我們定義一個包裝類別,以將 scikit-learn API 實作到 nmslib
,以及一個載入函數。
import joblib
import numpy as np
from scipy.sparse import csr_matrix
from sklearn.base import BaseEstimator, TransformerMixin
from sklearn.datasets import fetch_openml
from sklearn.utils import shuffle
class NMSlibTransformer(TransformerMixin, BaseEstimator):
"""Wrapper for using nmslib as sklearn's KNeighborsTransformer"""
def __init__(self, n_neighbors=5, metric="euclidean", method="sw-graph", n_jobs=-1):
self.n_neighbors = n_neighbors
self.method = method
self.metric = metric
self.n_jobs = n_jobs
def fit(self, X):
self.n_samples_fit_ = X.shape[0]
# see more metric in the manual
# https://github.com/nmslib/nmslib/tree/master/manual
space = {
"euclidean": "l2",
"cosine": "cosinesimil",
"l1": "l1",
"l2": "l2",
}[self.metric]
self.nmslib_ = nmslib.init(method=self.method, space=space)

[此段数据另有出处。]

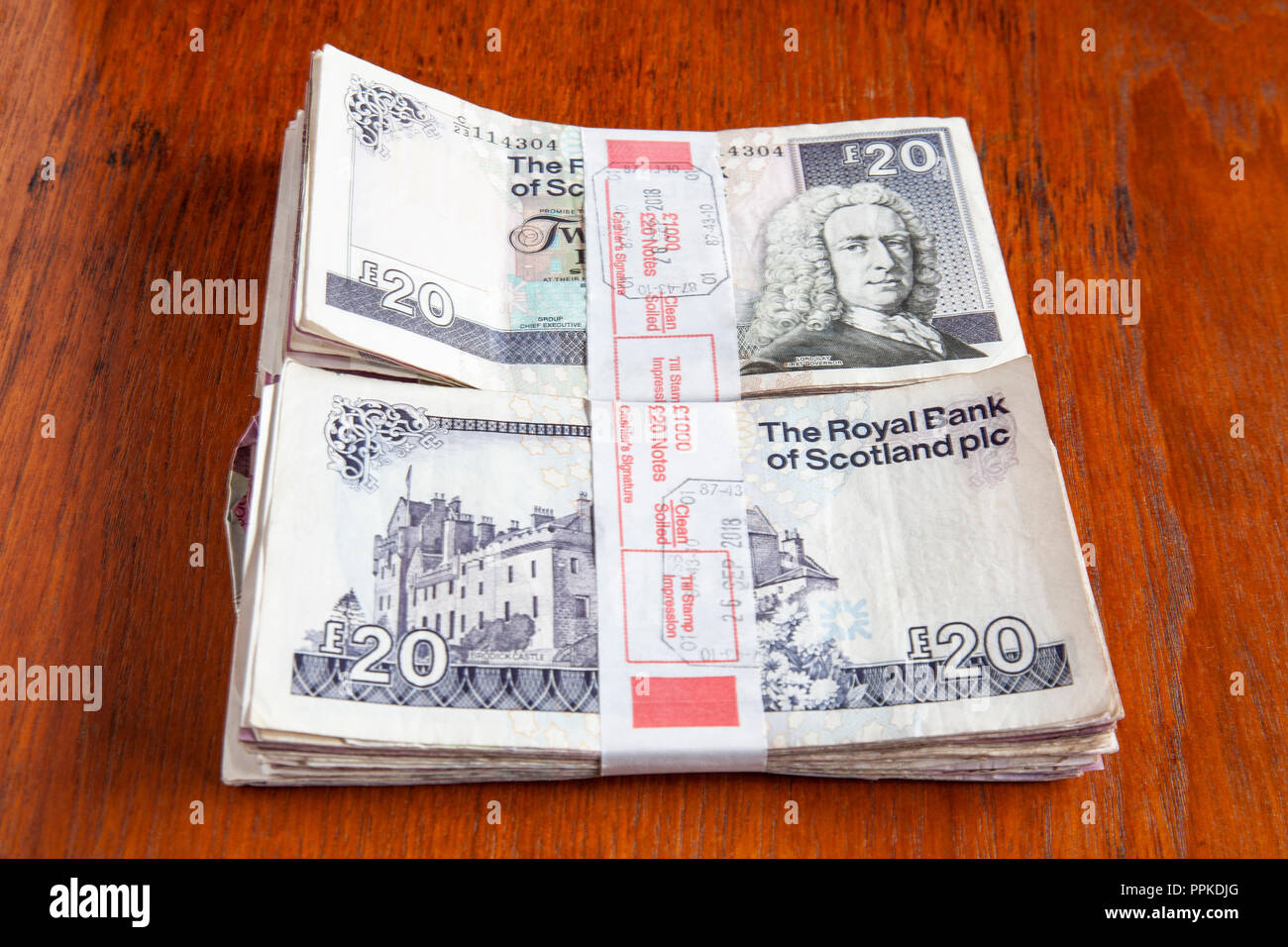 Money left on the table. Two bundles of £1000 each in used Scottish £20 banknotes from the Royal Bank of Scotland and the Clydesdale bank. Stock Photo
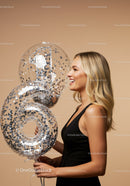 Smiling Woman Holding Number Balloons in Celebration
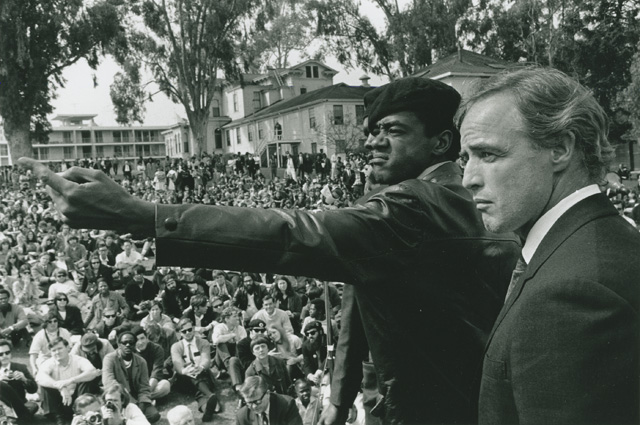 Bobby Seale and Marlon Brando at the at the memorial for Bobby Hutton, April 12, 1968, at Merritt Park in Oakland. (Photo: Jeffrey Blankfort)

self.nmslib_.addDataPointBatch(X.copy())
self.nmslib_.createIndex()
return self
def transform(self, X):
n_samples_transform = X.shape[0]
# For compatibility reasons, as each sample is considered as its own
# neighbor, one extra neighbor will be computed.
n_neighbors = self.n_neighbors + 1
if self.n_jobs < 0:
# Same handling as done in joblib for negative values of n_jobs:
# in particular, `n_jobs == -1` means "as many threads as CPUs".
num_threads = joblib.cpu_count() + self.n_jobs + 1
else:
num_threads = self.n_jobs
results = self.nmslib_.knnQueryBatch(
X.copy(), k=n_neighbors, num_threads=num_threads
)
indices, distances = zip(*results)
indices, distances = np.vstack(indices), np.vstack(distances)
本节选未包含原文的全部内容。